I granuli sono l'altra forma farmaceutica solida per via orale. Possono essere una forma farmaceutica di per sé, come farmaco già pronto per essere sospeso in acqua generalmente; oppure inserito nelle capsule; oppure utilizzato per fare le compresse (come succede per le polveri).

Definizione farmacopea

Preparazioni solide, costituite da aggregati solidi secchi, di particelle di polvere e sufficientemente resistenti a manipolazione di tipo energico, cioè è un aggregato di più particelle di polvere che rimane aggregato, a meno che non lo schiacci completamente, dove è chiaro che ritornerà polvere.

È usato per la somministrazione orale (come le polveri); significa che può essere direttamente deglutito, masticato, oppure viene sciolto a casa (gli antibiotici per bambini). Possono contenere uno o più principi attivi, che contengono sempre eccipienti, deterrenti e aromatizzanti e autorizzanti. Quindi, se il sapore non è gradevole, tra gli eccipienti troveremo un aromatizzante che migliora il sapore o un colorante che lo rende più attrattivo.

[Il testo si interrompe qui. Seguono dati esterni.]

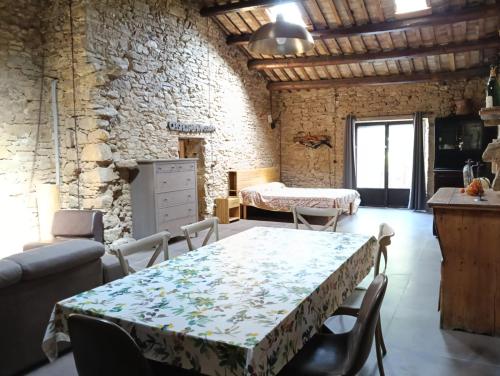 a living room with a table and a bedroom at Casale Bavi in Ortona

Come arriva a casa nostra?

Può essere ripartito in capsule, oppure può arrivare nella bottiglia di polvere che va poi sospesa nell'acqua. Il processo da cui si ottengono i granulati si chiama granulazione, e consiste nel partire da particelle più piccole di polveri e arrivare ai granuli con maggiore dimensioni rispetto a quella delle polveri. Quindi la granulazione è un processo fisico che serve a trasformare le polveri (particelle che arrivano massimo a 1000 micron) in granulati (con dimensione dai 1000 micron in su).

La granulazione

La granulazione è un processo costituito da più step:

  • Miscelazione di P.A con gli eccipienti
  • Fase di granulazione che può essere fatta o a secco o a umido. Se fatta a umido, dopo bisogna fare un essiccamento
  • Essiccamento
  • Miscelazione con eccipienti extragranulari, ad esempio, se voglio aggiungere al granulo già formato (P.A + eccipiente) un colorante per distinguere una polvere da un'altra, la posso aggiungere anche dopo. Quindi questi eccipienti extragranulari non rientrano nella composizione del granulo, ma rientrano nella formulazione di tutto.

Perché fare il granulo?

Abbiamo detto che le polveri fini sono buone perché danno tutta una serie di vantaggi; perché fare il granulo? Perché a volte è molto difficile lavorare con particelle piccole che tendono a volare nell'aria, allontanarsi o disperdersi. Mentre lavorare un granulo che ha dimensioni superiori a 1000 micron (1 mm) è sicuramente più semplice. Quindi serve per:

  • Ridurre la dispersione delle polveri nell'ambiente che è tanto più forte quanto più le particelle sono piccole
  • Migliorare il rapporto massa/volume della polvere; a parità di 100 g, più grande è la particella o il granulo e più semplice diventa lavorare nella farmacia o nell'industria
  • Ottenere una più uniforme distribuzione del PA nella miscela
  • Migliorare l'aspetto, ma questa è una caratteristica secondaria
  • Migliorare le proprietà di scorrimento
  • I granuli possono adsorbire una certa quantità di acqua rimanendo granuli, quindi non perdono la struttura di granulo (ovviamente non assorbono 100 g o 100 ml di acqua, ma residui di acqua presenti nell'ambiente, o anche negli eccipienti che utilizziamo) quindi non si sciolgono perdendo la caratteristica di particella
  • I granuli vengono utilizzati per migliorare le caratteristiche di compattazione, cioè i granulati sono i migliori prodotti per ottenere una compressa; è molto più facile fare una compressa partendo da un granulato rispetto ad una polvere
  • Contrasta anche l'eventuale segregazione della miscela, cioè se io ho messo il lattosio e il mio antibiotico per fare una polvere e il lattosio ha una densità molto diversa da quella dell'antibiotico, se la polvere la lascio così com'è, il lattosio che è più pesante tende a scendere sul fondo, quindi non ho mai questa uniformità di distribuzione di lattosio e PA in tutta la massa; se invece ho il granulo sono quasi sicuro che all'interno ci sarà 90% di lattosio e 10% di PA e sarà sempre così anche col passare del tempo.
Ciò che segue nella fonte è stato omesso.